Elle planta là Hélios et se précipita vers les appartements des invités, questionnant au passage les domestiques pour savoir si Antius avait quitté le palais, espérant follement le retenir, lui expliquer, mieux encore, effacer de son esprit, par magie, les paroles entendues. Elle n’obtint que des haussements d’épaules impuissants, des visages incapables de lui répondre. Lorsqu’elle atteignit la pièce de réception encombrée des bustes des ancêtres d’Octave, elle questionna le garde posté près de l’une des colonnes encadrant la porte d’entrée. Il lui affirma qu’Antius était entré dans le palais trois heures auparavant et n’en était pas encore ressorti. Il ajouta qu’un hôte de marque était attendu : l’Imperator en personne.

Séléné sentit la fatalité l’accabler. Il était trop tard. Le danger était là. Antius allait tout rapporter. Hélios risquait la mort, Séléné en fut tout à coup certaine. Elle se mordit la langue violemment. Que faire ? Elle se précipita en courant vers sa chambre afin d’entraîner Hélios dans une cachette.

Ouvrant la porte avec fracas, elle appela son frère et s’aperçut avec effarement qu’il avait disparu. Elle cria plus fort et se précipita à l’intérieur, cherchant partout, soulevant le moindre coussin. La pièce s’ouvrait sur l’extérieur, elle jeta un regard égaré vers le portique. Elle s’y précipita, imaginant déjà Hélios gisant sur le sol. Ce n’était pas le cas. Elle repoussa alors une tenture blanche reliant deux colonnes à l’intérieur de la pièce, s’attendant à le trouver face à elle, le corps transpercé d’une épée courte, le sang coulant sur son ventre.
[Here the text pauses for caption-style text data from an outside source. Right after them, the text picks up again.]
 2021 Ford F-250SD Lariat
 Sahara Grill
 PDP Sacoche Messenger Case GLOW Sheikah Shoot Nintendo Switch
Elle se mit à geindre sans même y penser.

– Ne crie pas comme cela !

Séléné sursauta, se retourna et, étonnée, le trouva debout en face d’elle, mâchouillant une figue dont il tenait le dernier morceau entre les doigts.

Elle répondit en haletant :

– Idiot, je viens te sauver ! Viens vite, Octave arrive dans quelques instants et tu es en danger. Sans répondre, il s’élança, confiant, derrière sa jumelle. Séléné pensa qu’on n’irait pas les chercher dans les cuisines. Elle se précipita vers la cour intérieure qui permettait de rejoindre les communs, jeta un coup d’œil de droite à gauche, souffla fort pour courir plus vite, tourna la tête de côté pour vérifier la présence d’Hélios. Une ombre se dessina au loin, au fond d’un patio, à moitié cachée derrière une colonne dorique : un homme en embuscade surveillait leur fuite. Il devait même l’espionner depuis qu’elle avait gagné le hall. « Vite ! » hurla-t-elle.

Ils croisèrent une servante dont le sourire à peine esquissé se figea. Séléné entra dans la cour des cuisines, avisa une porte, l’ouvrit, se plaça de côté pour laisser passer Hélios et la referma :

– Tais-toi ! Personne ne doit nous entendre !

Son cœur battait, l’inconnu les avait sûrement suivis et allait tenter d’ouvrir cette porte. Il faudrait saisir un objet, l’assommer. Elle chercha autour d’elle sans trouver quoi que ce soit.

– Il fait froid ici, lâcha Hélios, se frappant les épaules pour les réchauffer.

Séléné observa le lieu étroit, les murs épais. Une lumière diaphane se dégageait par endroits. Elle sourit :

– C’est de la glace pour la conservation des aliments ! Il fait froid, mais au moins on ne nous cherchera pas ici.